Operational issues with pages releases: healthcheck, alerting, NFS
A bit of a broad issue, but:
On 2020-02-19 gitlab-ee got upgraded on the pages nodes by chef, and pages restarted on each node in turn (luckily splayed in time, not co-ordinated). Starting at 00:34:24 the healthcheck was returning a 503 on one node at a time, for about 5 minutes each, as the pages daemon restarted and read ~100K directories to build the domain configuration.

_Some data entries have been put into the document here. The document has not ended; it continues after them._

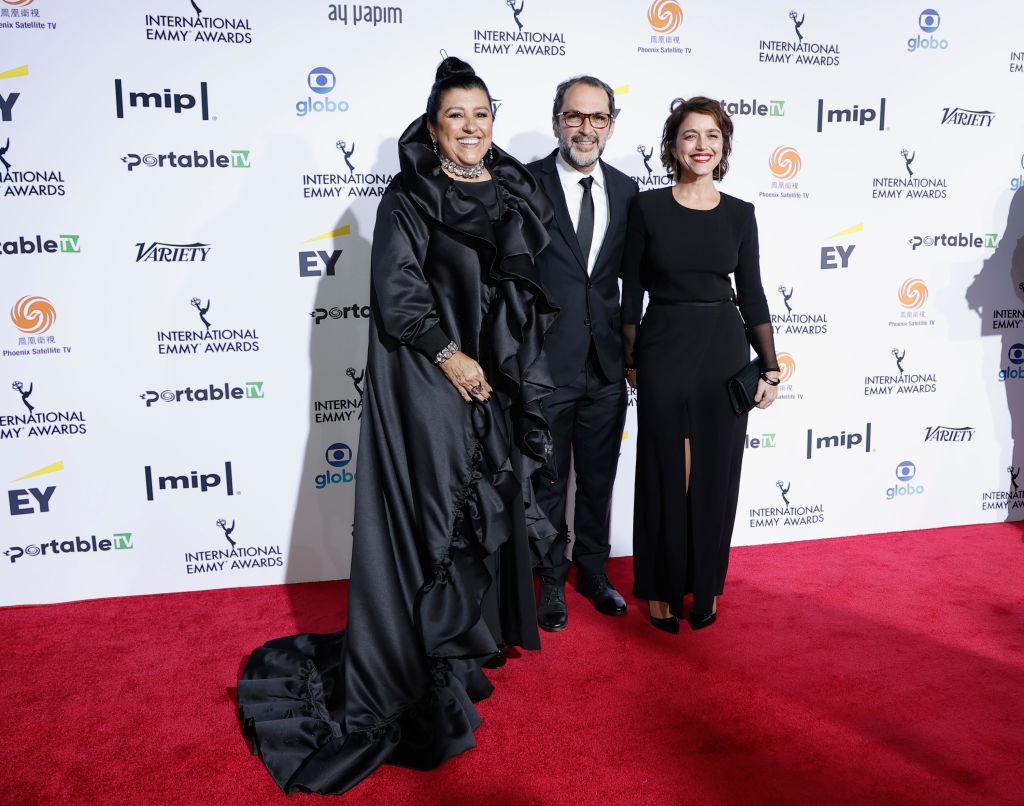 Regina Casé, Jose Villarim e Manuela Dias (Foto: Getty Image)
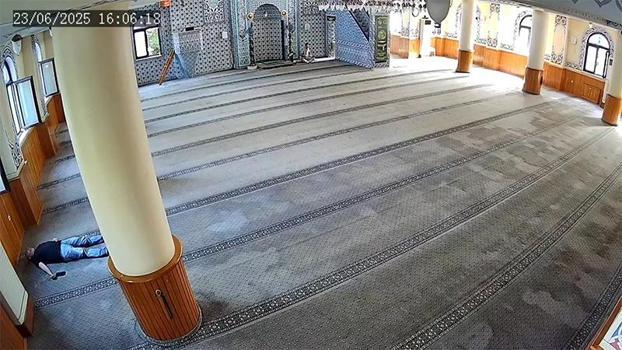 Sultangazi'de camide uyudu, cep telefonu çalındı; hırsızlık anı kamerada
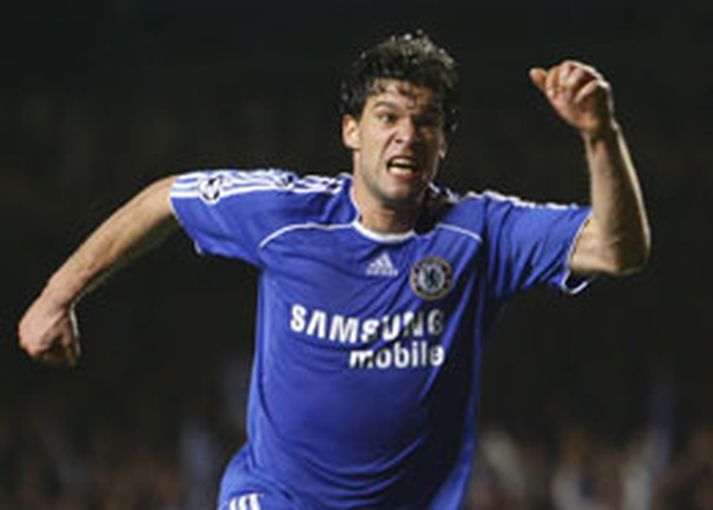 Michael Ballack er ekki sami leikmaðurinn fyrir Chelsea eins og hann var fyrir Bayern Munchen.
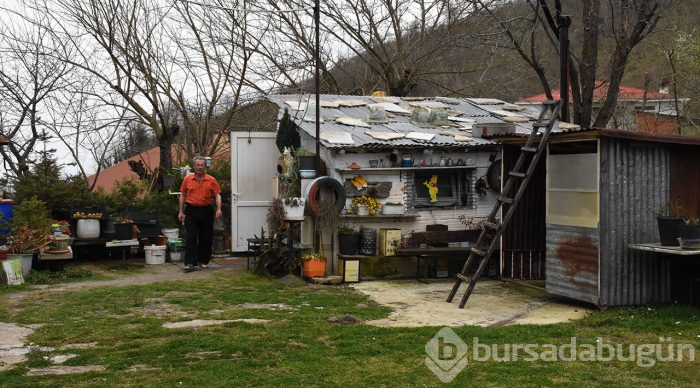 Eski ahırı antika eşyalarla donattı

This caused the The web-pages service (main stage) has an error-ratio exceeding SLO
in #alerts-general, as it appears we are not excluding the healthcheck from the error counts, and the graph looked like this:
Also, most curiously, I was on pages-01-stor-gprd at the time, looking at an osquery issue (https://gitlab.com/gitlab-com/gl-infra/infrastructure/issues/9237) and noticed that during that the load on pages-01-stor-gprd dropped strangely, and significantly:
Note that this trails the start and completion of the upgrades (when the healthchecks stopped failing), only starting to waver after 5 nodes had upgraded, and returning to baseline at 01:42, nearly 10 minutes after the last failed healthcheck.
There are three followups required here:
- Exclude the healthcheck from error-ratio recording rules
- Look into whether we need to make upgrades on pages more controlled now (i.e. by the deployment process), rather than relying on chef splaying them conveniently
- Deeper dive into the NFS issue; it is very strange and somewhat concerning absent any clear explanation.
/cc @jarv @skarbek for the delivery/deployment question (2) /cc @krasio for interest.